# Required action
Begin at the line below that holds "Corona 2 Drawer" and end at the line that holds "Trellises - Image 6", transcribing each line exactly and skipping any picture.

# Extracted records
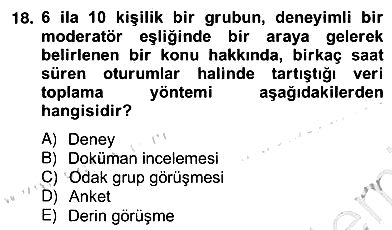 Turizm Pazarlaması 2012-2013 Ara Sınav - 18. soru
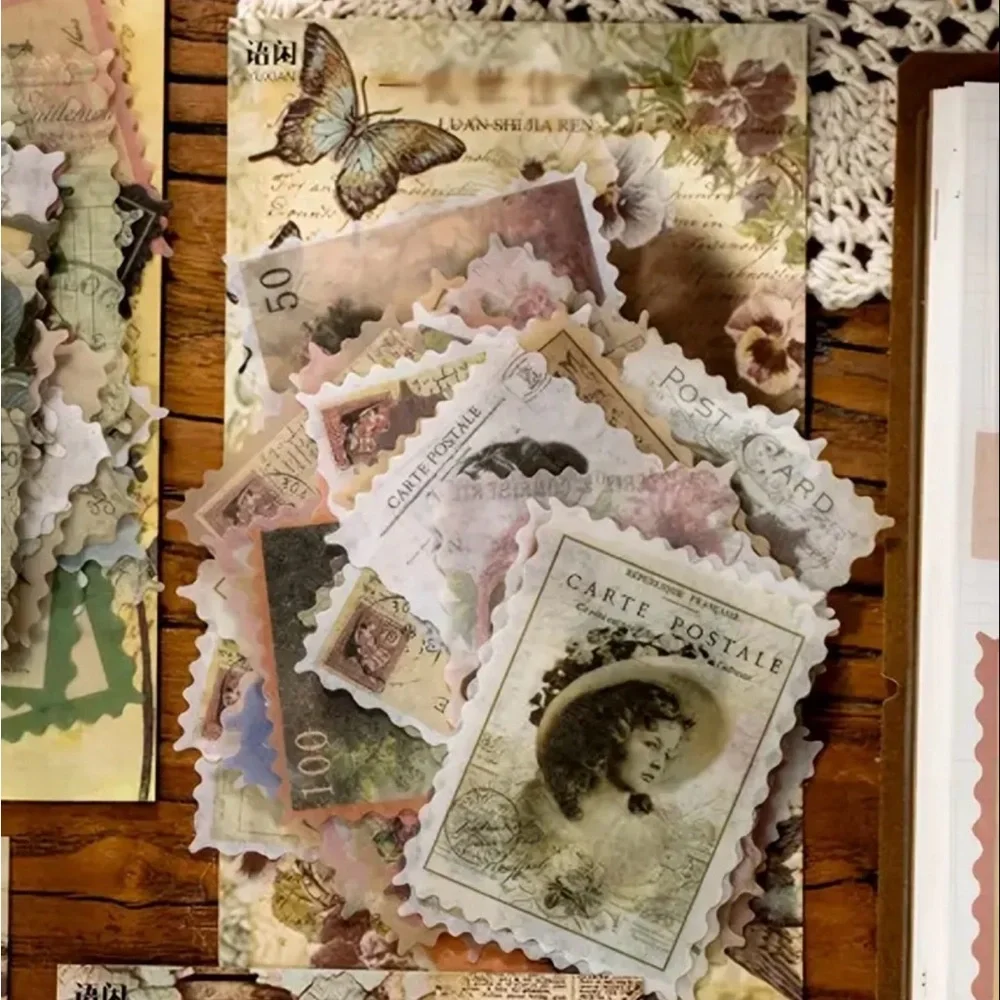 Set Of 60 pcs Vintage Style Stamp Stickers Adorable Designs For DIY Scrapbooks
* * *
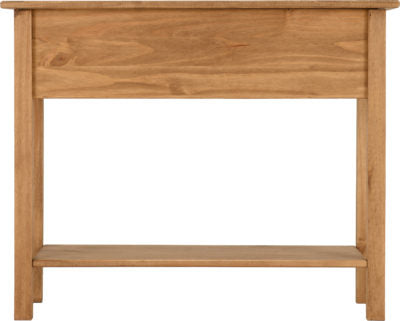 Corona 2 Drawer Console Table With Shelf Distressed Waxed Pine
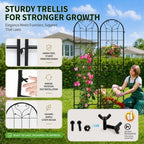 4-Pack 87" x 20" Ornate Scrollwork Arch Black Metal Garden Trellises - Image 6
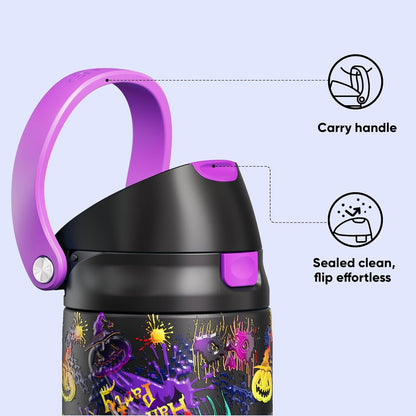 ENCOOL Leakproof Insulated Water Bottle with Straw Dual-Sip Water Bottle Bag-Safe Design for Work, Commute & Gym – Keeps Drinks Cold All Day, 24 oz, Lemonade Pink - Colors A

# Result of this task
 Corona 2 Drawer Console Table With Shelf Distressed Waxed Pine
 4-Pack 87" x 20" Ornate Scrollwork Arch Black Metal Garden Trellises - Image 6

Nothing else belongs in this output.